Inductive Spatial Temporal Prediction Under Data Drift with Informative Graph Neural Network
Jialun Zheng, Divya Saxena, Jiannong Cao, Hanchen Yang, Penghui Ruan
TL;DR
This work tackles inductive spatial temporal prediction under data drift, where external events and expanding entity sets shift data distributions. It introduces INF-GNN, which distills diversified invariant patterns through a novel Relation Importance ($RI$) metric to form an informative subgraph and uses an informative temporal memory buffer to emphasize influential timestamps; both are integrated via RI loss optimization that combines standard loss with Elastic Weight Consolidation and RI-based regularization. On the PEMS3-Stream traffic dataset, INF-GNN achieves state-of-the-art performance for both existing and newly added nodes under substantial drift, demonstrating improved generalization and robustness in dynamic graphs. The approach offers interpretable pattern consolidation and practical applicability to rapidly changing spatio-temporal systems.
Abstract
Inductive spatial temporal prediction can generalize historical data to predict unseen data, crucial for highly dynamic scenarios (e.g., traffic systems, stock markets). However, external events (e.g., urban structural growth, market crash) and emerging new entities (e.g., locations, stocks) can undermine prediction accuracy by inducing data drift over time. Most existing studies extract invariant patterns to counter data drift but ignore pattern diversity, exhibiting poor generalization to unseen entities.
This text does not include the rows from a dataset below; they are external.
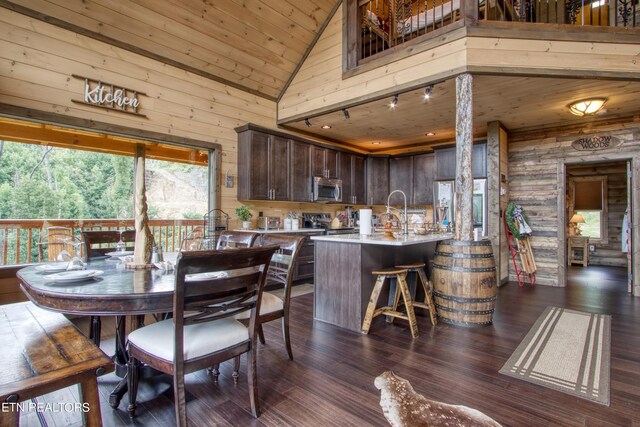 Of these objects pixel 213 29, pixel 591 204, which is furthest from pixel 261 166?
pixel 591 204

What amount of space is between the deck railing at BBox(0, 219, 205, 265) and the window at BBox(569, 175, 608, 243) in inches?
345

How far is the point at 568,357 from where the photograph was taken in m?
2.54

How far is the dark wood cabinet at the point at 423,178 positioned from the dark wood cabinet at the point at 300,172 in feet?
8.02

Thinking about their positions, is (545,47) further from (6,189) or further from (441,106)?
(6,189)

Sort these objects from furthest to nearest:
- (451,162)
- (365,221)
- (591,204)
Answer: (591,204), (451,162), (365,221)

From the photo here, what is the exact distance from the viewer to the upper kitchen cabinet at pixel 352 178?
21.4 feet

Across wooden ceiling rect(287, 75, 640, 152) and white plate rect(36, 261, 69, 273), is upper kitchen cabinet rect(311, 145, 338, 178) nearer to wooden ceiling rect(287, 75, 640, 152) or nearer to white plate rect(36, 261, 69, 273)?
wooden ceiling rect(287, 75, 640, 152)

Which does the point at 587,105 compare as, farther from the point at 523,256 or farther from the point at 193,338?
the point at 193,338

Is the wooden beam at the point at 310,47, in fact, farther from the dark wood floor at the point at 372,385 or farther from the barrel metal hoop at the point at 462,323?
the barrel metal hoop at the point at 462,323

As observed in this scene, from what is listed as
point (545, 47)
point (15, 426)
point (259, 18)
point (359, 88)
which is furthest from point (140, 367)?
point (545, 47)

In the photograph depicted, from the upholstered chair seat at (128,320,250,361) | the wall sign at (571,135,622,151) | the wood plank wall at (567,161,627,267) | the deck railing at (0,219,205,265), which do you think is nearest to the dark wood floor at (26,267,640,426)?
the upholstered chair seat at (128,320,250,361)

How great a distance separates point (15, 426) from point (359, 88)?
436cm

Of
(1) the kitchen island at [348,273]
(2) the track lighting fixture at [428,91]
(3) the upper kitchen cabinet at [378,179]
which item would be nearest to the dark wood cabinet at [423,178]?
(3) the upper kitchen cabinet at [378,179]

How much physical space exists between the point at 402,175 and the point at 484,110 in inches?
98.0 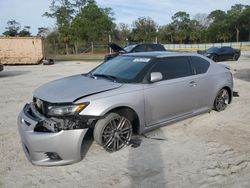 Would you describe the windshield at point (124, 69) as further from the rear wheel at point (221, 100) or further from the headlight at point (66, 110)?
the rear wheel at point (221, 100)

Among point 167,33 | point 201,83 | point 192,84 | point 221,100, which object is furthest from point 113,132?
Result: point 167,33

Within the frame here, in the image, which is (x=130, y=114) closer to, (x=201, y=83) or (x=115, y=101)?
(x=115, y=101)

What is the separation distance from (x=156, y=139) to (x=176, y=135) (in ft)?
1.38

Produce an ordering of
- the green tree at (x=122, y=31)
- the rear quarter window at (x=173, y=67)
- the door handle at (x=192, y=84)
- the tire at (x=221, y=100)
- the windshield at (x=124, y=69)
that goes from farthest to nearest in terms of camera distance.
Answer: the green tree at (x=122, y=31) < the tire at (x=221, y=100) < the door handle at (x=192, y=84) < the rear quarter window at (x=173, y=67) < the windshield at (x=124, y=69)

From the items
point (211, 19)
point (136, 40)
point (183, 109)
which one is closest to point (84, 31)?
point (136, 40)

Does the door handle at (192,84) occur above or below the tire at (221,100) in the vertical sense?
above

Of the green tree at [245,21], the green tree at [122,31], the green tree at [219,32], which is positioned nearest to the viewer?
the green tree at [122,31]

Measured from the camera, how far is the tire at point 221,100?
21.6 ft

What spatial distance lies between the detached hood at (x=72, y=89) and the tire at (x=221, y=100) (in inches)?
114

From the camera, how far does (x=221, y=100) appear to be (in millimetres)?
6715

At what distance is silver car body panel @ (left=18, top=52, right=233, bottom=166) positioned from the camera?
3.96 metres

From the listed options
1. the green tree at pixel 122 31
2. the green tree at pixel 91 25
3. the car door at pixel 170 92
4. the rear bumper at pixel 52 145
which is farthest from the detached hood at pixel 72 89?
the green tree at pixel 122 31

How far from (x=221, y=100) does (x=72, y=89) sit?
380cm

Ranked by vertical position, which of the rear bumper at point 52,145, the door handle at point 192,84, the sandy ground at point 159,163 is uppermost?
the door handle at point 192,84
To address this issue, we design an Informative Graph Neural Network (INF-GNN) to distill diversified invariant patterns and improve prediction accuracy under data drift. Firstly, we build an informative subgraph with a uniquely designed metric, Relation Importance (RI), that can effectively select stable entities and distinct spatial relationships. This subgraph further generalizes new entities' data via neighbors merging. Secondly, we propose an informative temporal memory buffer to help the model emphasize valuable timestamps extracted using influence functions within time intervals. This memory buffer allows INF-GNN to discern influential temporal patterns. Finally, RI loss optimization is designed for pattern consolidation. Extensive experiments on real-world dataset under substantial data drift demonstrate that INF-GNN significantly outperforms existing alternatives.